Pricing, Access, and Practical Realities

The Cionic Neural Sleeve 2 operates on a subscription model: $260/month during the first year, with reduced rates in subsequent years. First year total cost is approximately $3,120. The subscription includes the device hardware, all software and AI algorithm updates, technical support, and app access. There is no separate device purchase; the subscription is the complete cost of access.

This pricing model reflects the device’s clinical positioning. For comparison, traditional clinic based FES therapy sessions cost $100 to $300 per visit, and patients typically require multiple sessions per week for months. A physical therapy program for gait rehabilitation can easily exceed $5,000 to $10,000 over a treatment course. The Neural Sleeve 2’s $3,120 annual cost, providing continuous all day mobility support, represents a different value equation than episodic clinical therapy.

The Cionic Neural Sleeve 2 is FDA cleared as a Class II medical device (510(k) clearance, September 2025). This is the standard regulatory pathway for medical devices that have a substantially equivalent predicate device. It is HSA, FSA, and HRA eligible. The company does not operate through an affiliate or retail model; the device is accessed through Cionic directly, with clinical support teams assisting with fitting, calibration, and ongoing optimization.

Who the Cionic Neural Sleeve 2 Is Best For

The Neural Sleeve 2 is designed for individuals with neurological conditions that impair walking ability. The company lists over 20 qualifying conditions including multiple sclerosis, cerebral palsy, stroke, spinal cord injury, traumatic brain injury, Parkinson’s disease, and other conditions affecting lower extremity motor control. Individuals with foot drop, spasticity, or generalized lower extremity weakness from neurological causes represent the primary user population.

People who are ambulatory but impaired, those who can walk but with difficulty, fatigue, or increased fall risk, are the strongest candidates. The device is designed to augment existing walking ability, not to enable walking in individuals who are completely non ambulatory. Users whose neurological condition is stable or slowly progressive (as opposed to rapidly deteriorating) will benefit from the AI’s ability to adapt to gradual changes in motor function over time.

Those who may not be candidates include individuals who are completely unable to bear weight on their legs, people whose mobility impairment is primarily orthopedic rather than neurological (joint replacements, fractures, severe arthritis), and individuals with implanted electronic devices (pacemakers, deep brain stimulators) that could interact with the electrical stimulation. Anyone considering the Neural Sleeve should consult with their neurologist or rehabilitation physician to determine candidacy based on their specific condition and functional status.

How the Cionic Neural Sleeve 2 Compares

The Cionic Neural Sleeve 2 has no direct consumer competitor. It is the only FDA cleared wearable that combines AI powered gait detection, multi muscle functional electrical stimulation, and simultaneous spasticity management in a wearable garment format.

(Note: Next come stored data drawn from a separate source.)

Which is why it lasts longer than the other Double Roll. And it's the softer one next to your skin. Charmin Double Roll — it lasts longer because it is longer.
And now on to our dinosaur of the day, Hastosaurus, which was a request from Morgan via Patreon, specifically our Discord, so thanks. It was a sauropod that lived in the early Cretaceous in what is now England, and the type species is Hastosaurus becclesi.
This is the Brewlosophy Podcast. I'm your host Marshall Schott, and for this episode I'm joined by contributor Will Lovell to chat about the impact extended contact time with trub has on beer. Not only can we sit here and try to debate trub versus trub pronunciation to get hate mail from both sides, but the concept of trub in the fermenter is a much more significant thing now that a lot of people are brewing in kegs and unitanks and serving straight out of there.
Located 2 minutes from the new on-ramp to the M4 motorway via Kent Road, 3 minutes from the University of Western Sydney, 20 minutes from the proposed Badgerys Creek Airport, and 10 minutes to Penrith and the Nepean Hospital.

Traditional single channel FES devices (Bioness L300 Go, WalkAide) stimulate the peroneal nerve to address foot drop specifically. They are FDA cleared, well established, and less expensive (typically $4,000 to $6,000 purchase). However, they address only one component of the gait cycle (ankle dorsiflexion) and do not manage spasticity. For individuals whose sole impairment is foot drop without spasticity, a single channel FES device may be sufficient. For individuals with multi muscle involvement and spasticity, the Neural Sleeve 2 provides broader intervention.

Ankle foot orthoses (AFOs) are the most common non electronic intervention for foot drop, using a rigid or semi rigid brace to passively maintain ankle position. AFOs are inexpensive ($100 to $500), require no battery, and have decades of clinical use. However, they provide passive support without muscle activation, do not address spasticity, and can cause skin irritation and discomfort with all day wear. The Neural Sleeve 2 actively stimulates muscles, potentially maintaining or improving muscle strength over time rather than allowing further atrophy.

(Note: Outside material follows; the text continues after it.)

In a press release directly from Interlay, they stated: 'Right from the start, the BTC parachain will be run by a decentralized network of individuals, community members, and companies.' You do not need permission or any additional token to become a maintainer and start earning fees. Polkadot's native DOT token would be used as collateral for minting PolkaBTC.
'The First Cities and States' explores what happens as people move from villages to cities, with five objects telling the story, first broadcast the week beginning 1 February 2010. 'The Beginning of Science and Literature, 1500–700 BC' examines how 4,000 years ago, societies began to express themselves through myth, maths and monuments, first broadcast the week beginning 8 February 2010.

Robotic exoskeletons (ReWalk, Ekso) provide powered walking for individuals with severe mobility impairment, including complete paraplegia. They are substantially more expensive ($70,000 to $150,000), require training, and are designed for structured walking sessions rather than all day wear. The Neural Sleeve 2 occupies the space between passive orthoses and powered exoskeletons: active muscle stimulation in a lightweight, wearable format suitable for daily life.

Limitations and Open Questions

The subscription model creates an ongoing financial commitment that may be challenging for individuals on disability income or fixed retirement budgets. At $260/month, the device represents a significant recurring expense that must be weighed against other medical costs. Insurance coverage for the Neural Sleeve 2 is evolving; as a newly FDA cleared device, coverage determinations are still being established by individual payers.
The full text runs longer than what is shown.